* [DATA FOR THIS EXERCISE]:

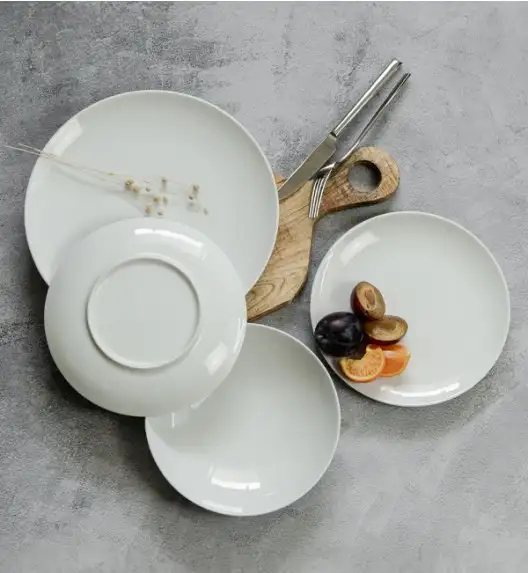 WYPRZEDAŻ! KAROLINA ENJOY Komplet 2 talerzy dla 1 osoby / porcelana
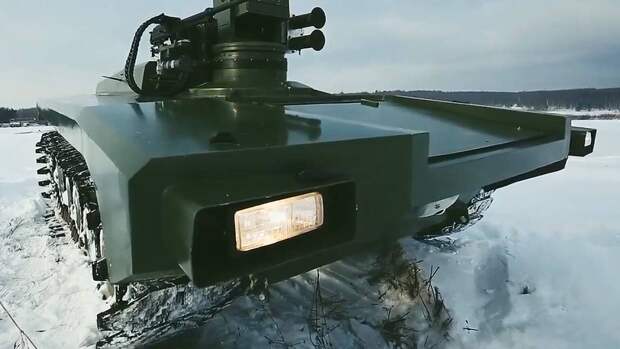 Испытания полностью автономных ударных роботов «Маркер» провели в России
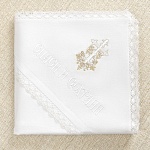 Теплая крыжма "Крестик с лозой кружевная" 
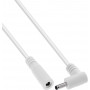 InLine® Καλώδιο Επέκτασης DC, Γωνιακό Βύσμα, 3,5 x 1,35 mm, Λευκό, 0,5 m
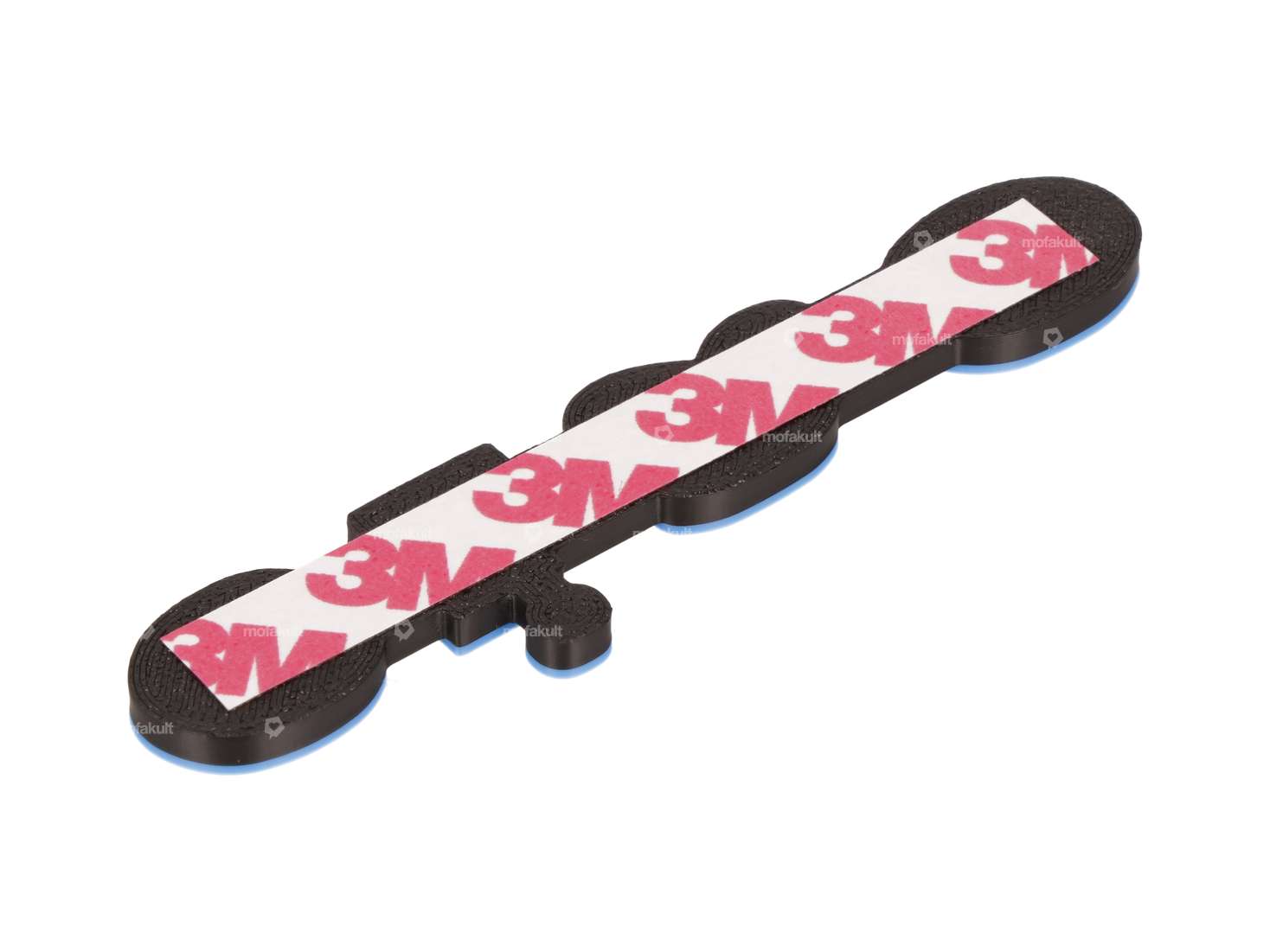 Emblème "ciao" plastique 3D bleu / noir Carousel Image 2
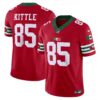 49ers Mexico Vapor Jersey V2 – All Stitched – Red – George Kittle Jersey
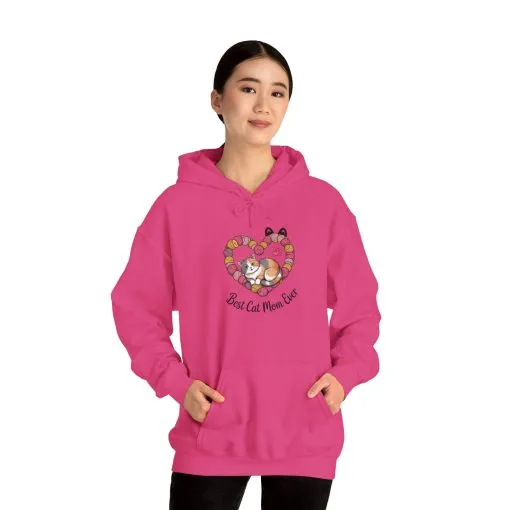 Best Cat Mom Ever Hoodie, Cozy Sweatshirt for Cat Lovers, Gift for Cat Moms, Feline Themed Apparel, Pet Lover Hoodie, Mother's Day Gift - Image 26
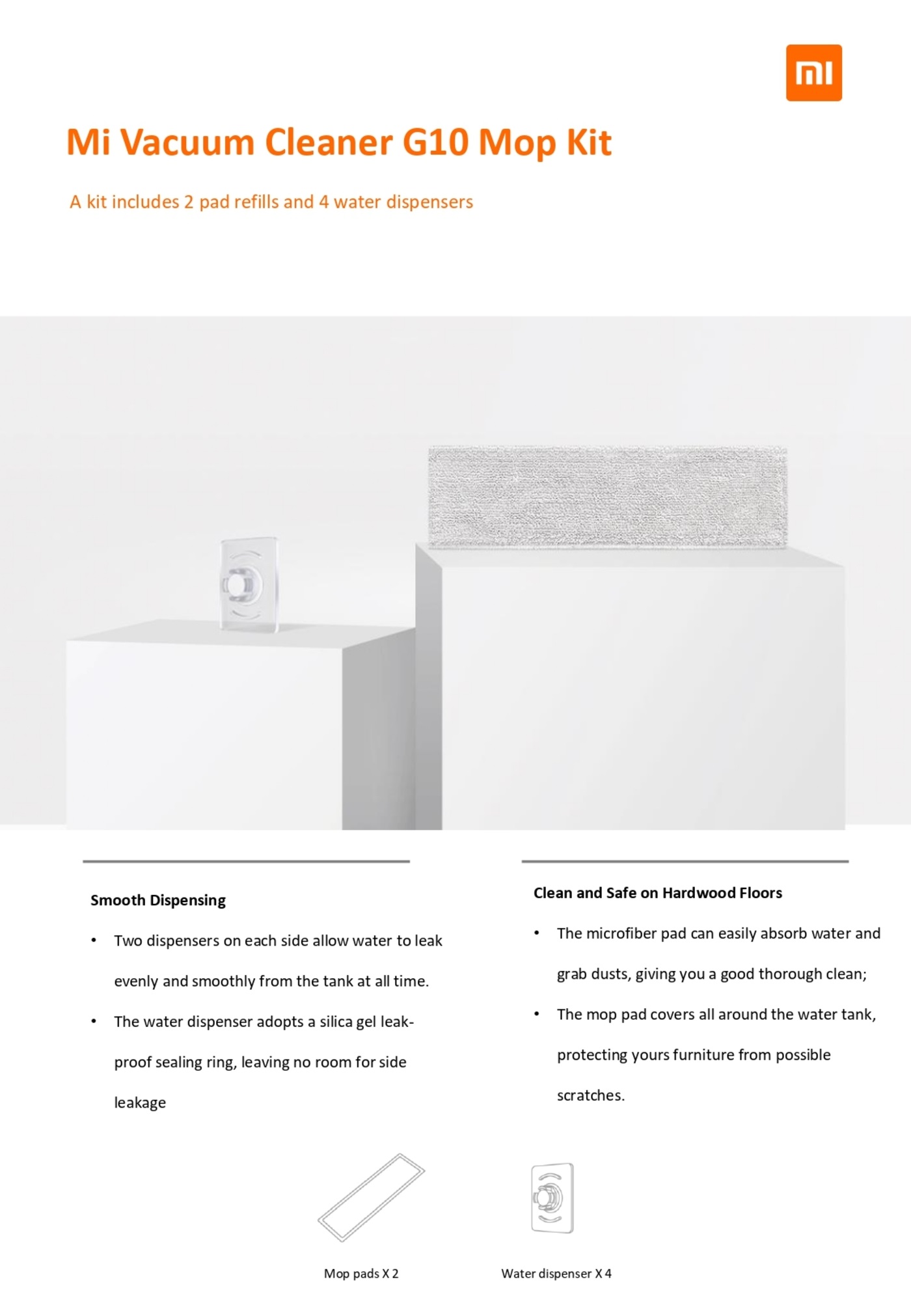 Xiaomi G10 Mop Kit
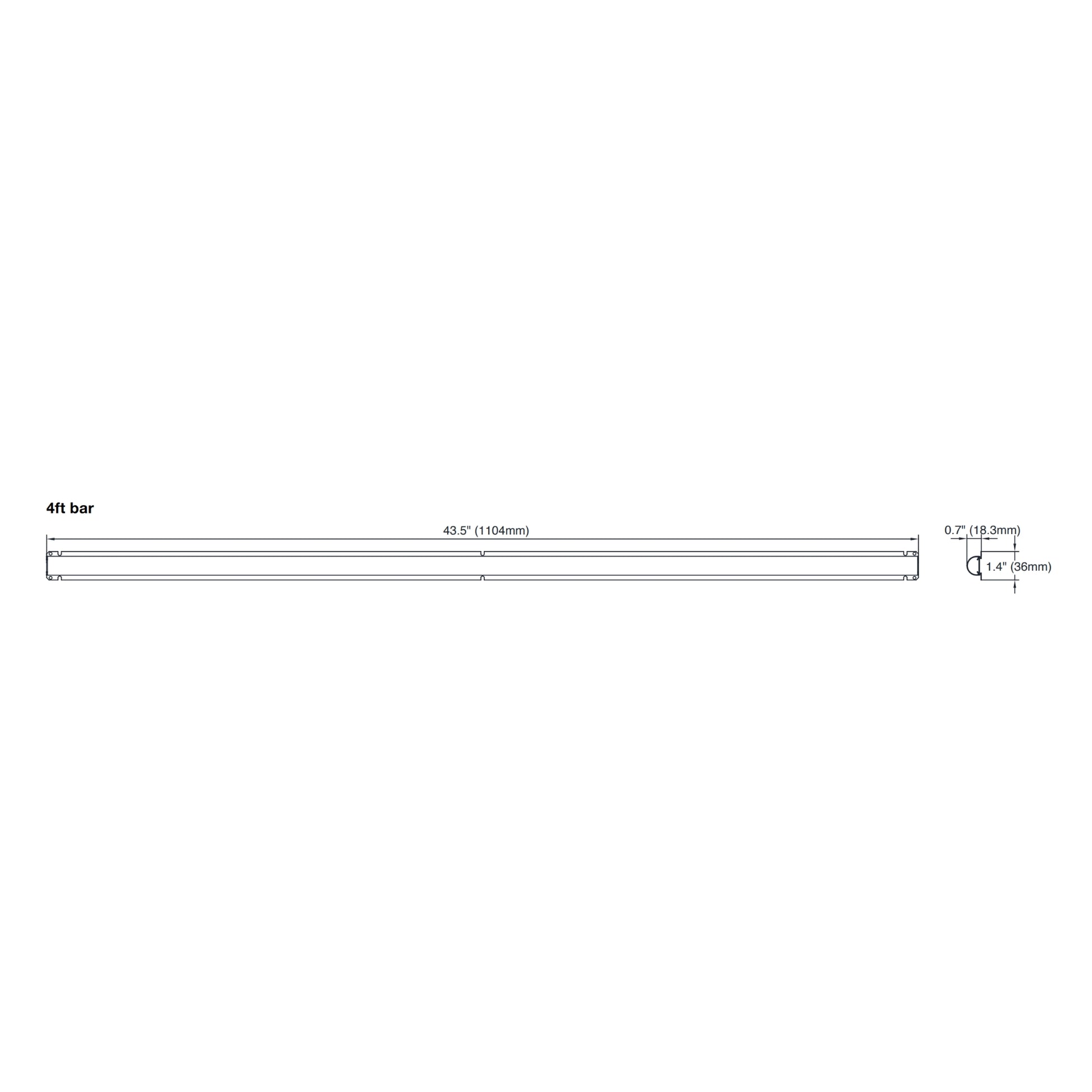 4ft Magnetic Linear Retrofit Kit, 3200/4800/6400 Lumens, 35K/40K/50K, 120-347V - Bees Lighting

* [EXERCISE]:
Restate each entry word for word. Omit every picture.

* [OUTPUT OF THE TASK]:
 WYPRZEDAŻ! KAROLINA ENJOY Komplet 2 talerzy dla 1 osoby / porcelana
 Испытания полностью автономных ударных роботов «Маркер» провели в России
 Теплая крыжма "Крестик с лозой кружевная" 
 InLine® Καλώδιο Επέκτασης DC, Γωνιακό Βύσμα, 3,5 x 1,35 mm, Λευκό, 0,5 m
 Emblème "ciao" plastique 3D bleu / noir Carousel Image 2
 49ers Mexico Vapor Jersey V2 – All Stitched – Red – George Kittle Jersey
 Best Cat Mom Ever Hoodie, Cozy Sweatshirt for Cat Lovers, Gift for Cat Moms, Feline Themed Apparel, Pet Lover Hoodie, Mother's Day Gift - Image 26
 Xiaomi G10 Mop Kit
 4ft Magnetic Linear Retrofit Kit, 3200/4800/6400 Lumens, 35K/40K/50K, 120-347V - Bees Lighting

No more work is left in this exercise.